One difficulty with many key innovation hypotheses lies in linking the key trait to the process of diversification. Some suggested key innovations play an obvious role in species recognition, and it is relatively straightforward to envision how evolution of the trait would lead to higher rates of speciation. One of the best-documented examples of a key evolutionary trait is the nectar spur of columbines (genus Aquilegia). Scott A. Hodges and Michael L. Arnold have statistically demonstrated that the rate of diversification of columbines and other plant lineages with nectar spurs is higher than for those lacking this trait. Additional studies have shown that nectar spur length influences the kinds of pollinators that will visit a flower and that the evolutionary association between pollinators and flowers reflects evolutionary change toward longer spurs as well as shifts to pollinator species with longer tongues. Research on this system supports the hypothesis that nectar spurs have affected both reproductive success and reproductive isolation of the species that possess them, providing a link between the macroevolutionary pattern of high diversity for lineages with the key trait and microevolutionary mechanisms relating directly to the trait that could lead to this diversity For these reasons, the nectar spurs of Aquilegia species constitute one of the best-documented examples of a key evolutionary innovation.

Unfortunately, most other suggested key innovations are not so obviously linked to reproductive isolation. In the example of algal grazing in fish, although the ecological significance of scraping jaws for an algae-feeding fish is clear, it is less clear how a trait that is associated with feeding could lead to increased rates of reproductive isolation. One possibility is that key traits not obviously linked to reproductive isolation may still increase species diversification by making either the formation or survival of geographically isolated populations more likely through the ecological advantages they confer. For example, latex and resin canals are defensive structures that have evolved independently in many plant lineages, including conifers, mulberries, and daisies. They are hypothesized to be key innovations that protect plants from pathogens and predators, and Brian D. Farrell and colleagues have shown that lineages with resin canals tend to have a much larger number of species than closely related lineages lacking them. Although this trait is not an integral part of the mating system, as are nectar spurs, they may still turn the engine of species formation by allowing isolated populations to persist at a higher rate than populations without resin canals. A greater frequency of isolated populations, in turn, would be expected to lead to a higher rate of evolution of reproductive isolation within these populations, leading to more species. In support of this idea, Farrell and colleagues have shown at one field site that species with latex and resin canals are more numerically abundant than those without them.

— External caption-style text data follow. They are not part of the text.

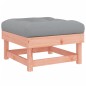 vidaXL Gartenhocker mit Kissen Massivholz Douglasie vidaXL Gartenhocker mit Kissen Massivholz Douglasie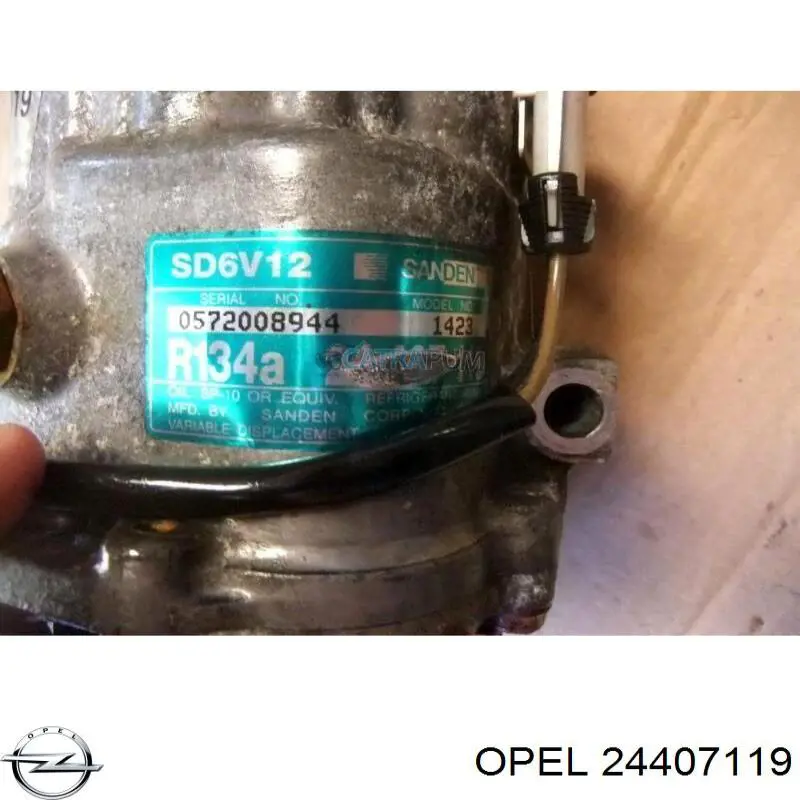 Компрессор кондиционера 6854027 Opel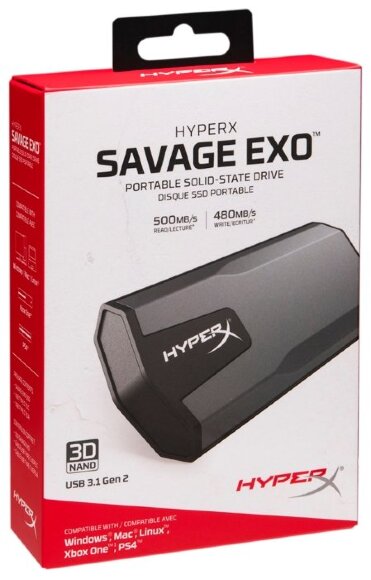 Внешний SSD HyperX SAVAGE EXO SSD 960 ГБ (SHSX100/960G)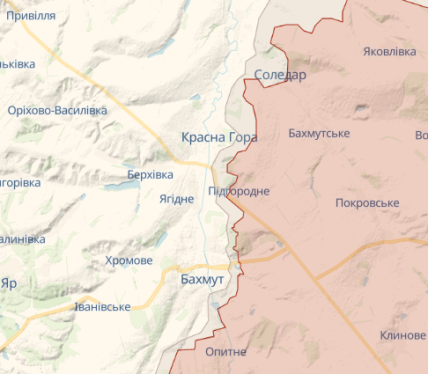 Ситуація під Соледаром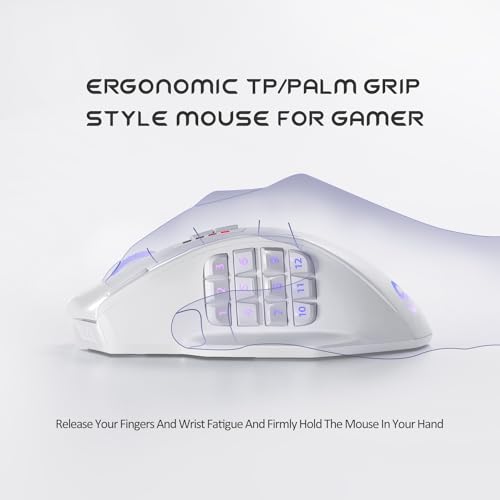 UtechSmart Venus Pro Wireless MMO Gaming Mouse, 16K DPI, 16 Programmable Buttons I92836
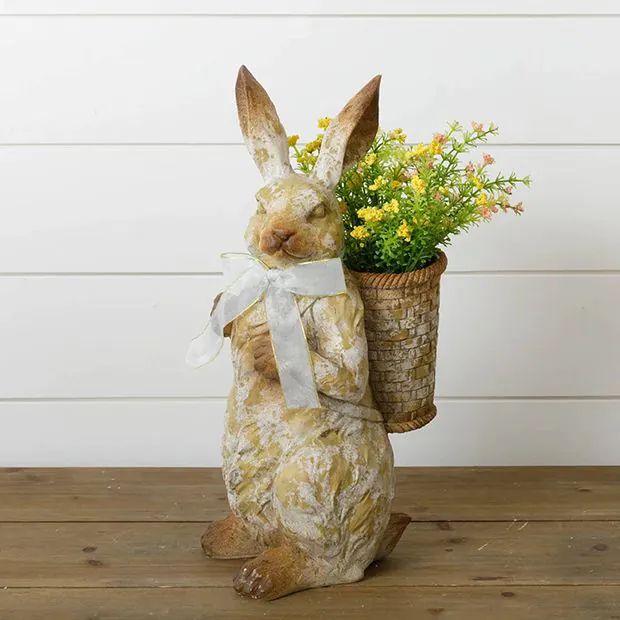Standing Bunny With Basket Backpack | Antique Farm House
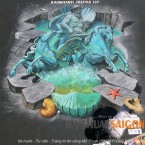 Trang trí tranh tường 3d tuyệt đẹp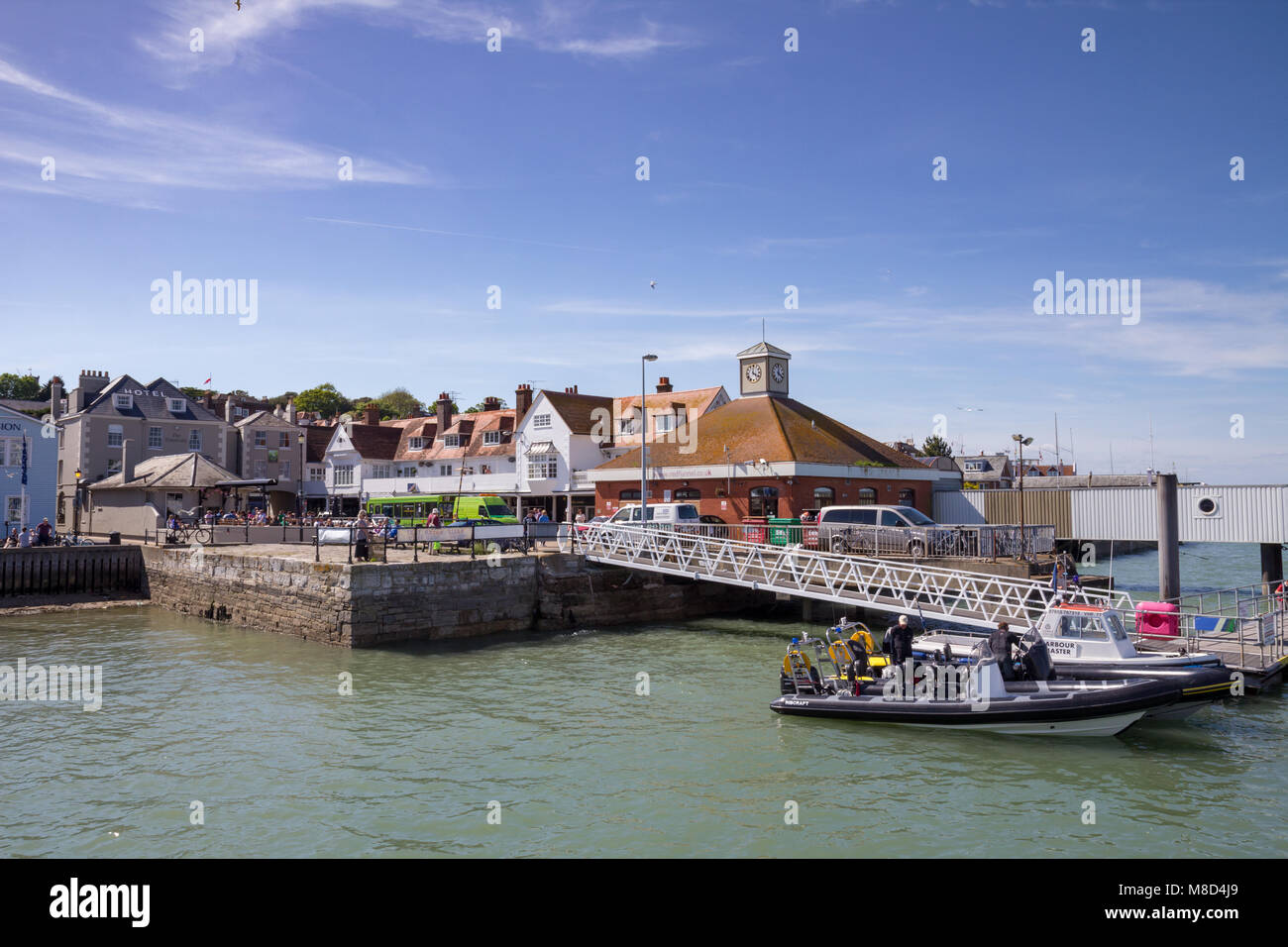 Red Funnel Terminal, Cowes, Isle of Wight, UK Stock Photo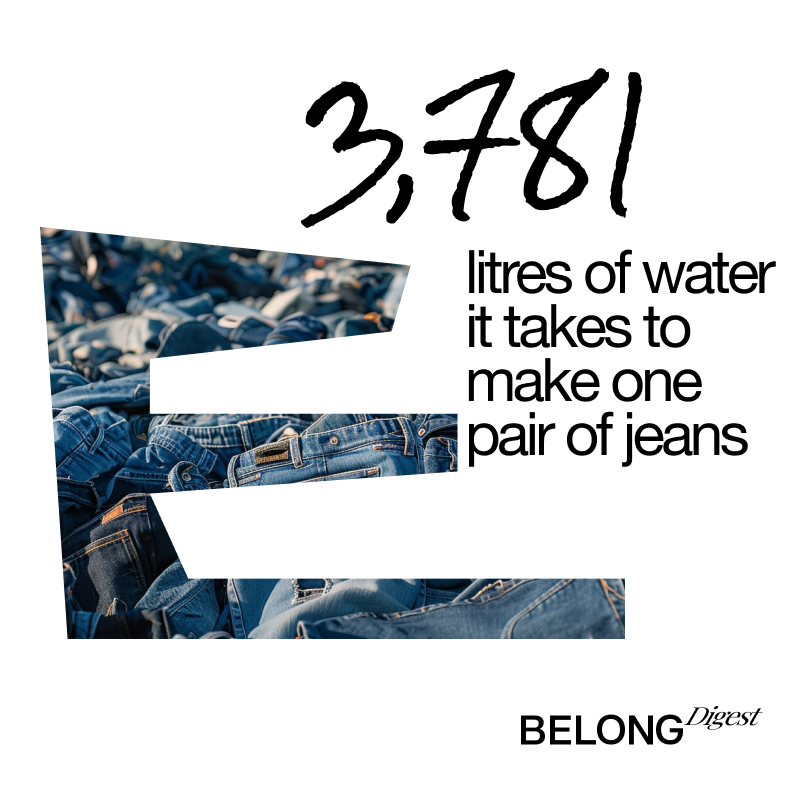 EkaShche's tweet photo. The true cost of denim? Beyond the tag price, one pair of iconic 501® jeans consumes 3,781L of water and emits 33.4kg CO2 over its life. 

From cotton fields to your wardrobe, every wash counts. 

Let's wear responsibly. 🌍👖 https://t.co/rPSQtjqi0G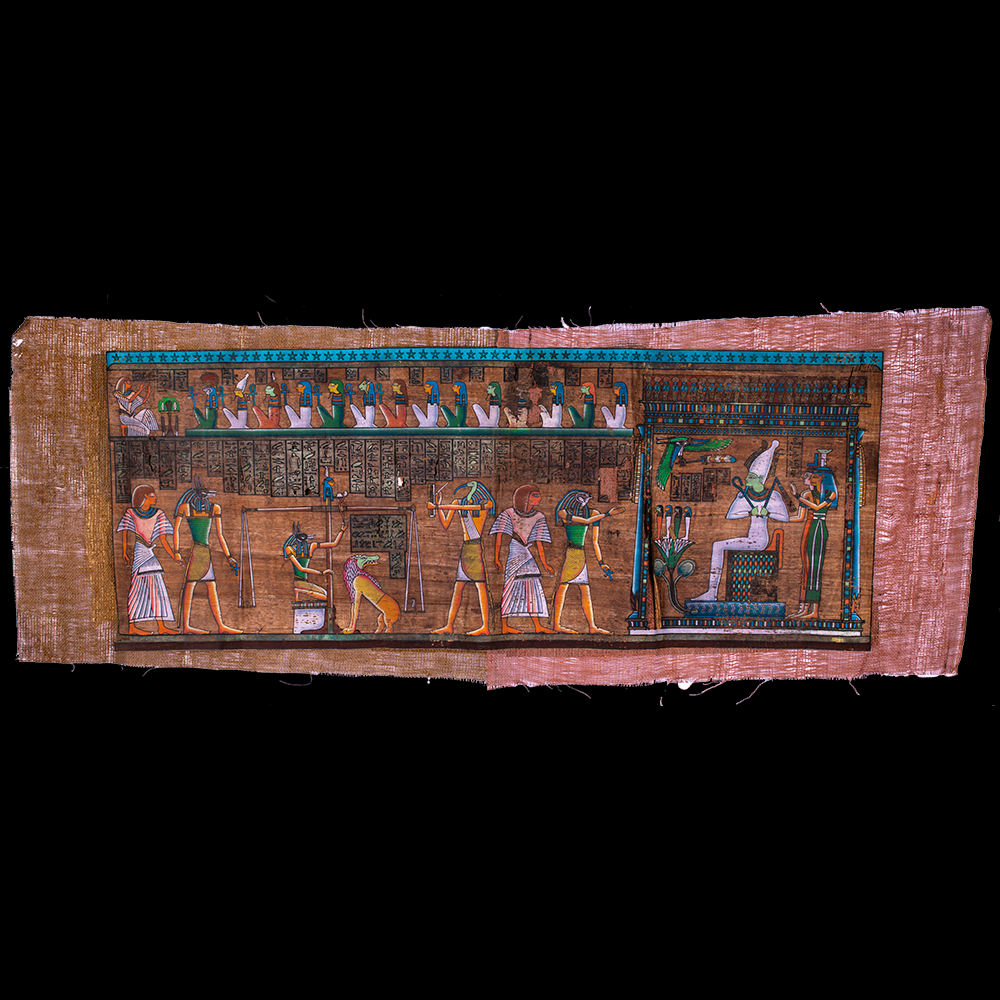 80 Years Aged Unique Masterpiece Handcrafted Egyptian Papyrus Of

This evidence is only suggestive, however, and illustrates that nearly all proposed key evolutionary innovations, including persuasive examples like resin canals, lack an explicit mechanism that demonstrates how the trait gives rise to observed diversity.

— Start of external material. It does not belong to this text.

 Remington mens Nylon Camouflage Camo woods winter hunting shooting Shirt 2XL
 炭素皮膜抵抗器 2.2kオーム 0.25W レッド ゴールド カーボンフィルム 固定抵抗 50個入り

4. TESTING HYPOTHESES OF KEY INNOVATION

If key innovations promote evolutionary success, then a simple prediction of key innovation hypotheses is that lineages with the traits should be more successful than closely related lineages lacking them. Success is most commonly measured by the number of species, but more recently, workers have also measured the richness of morphological or ecological diversity contained within a lineage. To assess differences in species richness, biologists often use sister clade comparisons, which involve counting the number of species within the lineage that have evolved the trait versus the number of species in the sister clade, the most closely related lineage lacking the purported innovation. One problem with simple counts lies in judging the statistical significance of the difference. If the lineage with the key trait has 20 species and its sister clade contains 5, is the magnitude of the difference sufficiently large to support the key innovation hypothesis? To answer this question, biologists have turned to stochastic models of diversification such as the birth-death model, which treats speciation and extinction as random events controlled by fixed rates of species birth and death (see chapter VI.11). Because the diversification process is probabilistic, sister lineages that have evolved under identical rates of speciation can nevertheless differ in the number of species they contain. These stochastic models form the basis for determining when the difference in species richness between two lineages is so great that it is unlikely they share a single diversification rate. The most compelling tests of key innovation use these methods in conjunction with large-scale phylogenies in which the proposed innovation has evolved multiple times. For example, Farrell has shown that the diversification rate of angiosperm-feeding beetle lineages is significantly higher than that of other phytophagous lineages, which suggests that angiosperm feeding is a key evolutionary innovation for beetles. Hodges and Arnold took a related approach to show that the diversification rate of nectar-spur-bearing plant lineages is significantly higher than that of lineages lacking the trait. The statistical rigor of the comparisons in these studies and the distribution of the key trait over many independent lineages have helped make phytophagy and the latex-resin systems currently two of the most widely accepted examples of key evolutionary innovation in evolutionary biology.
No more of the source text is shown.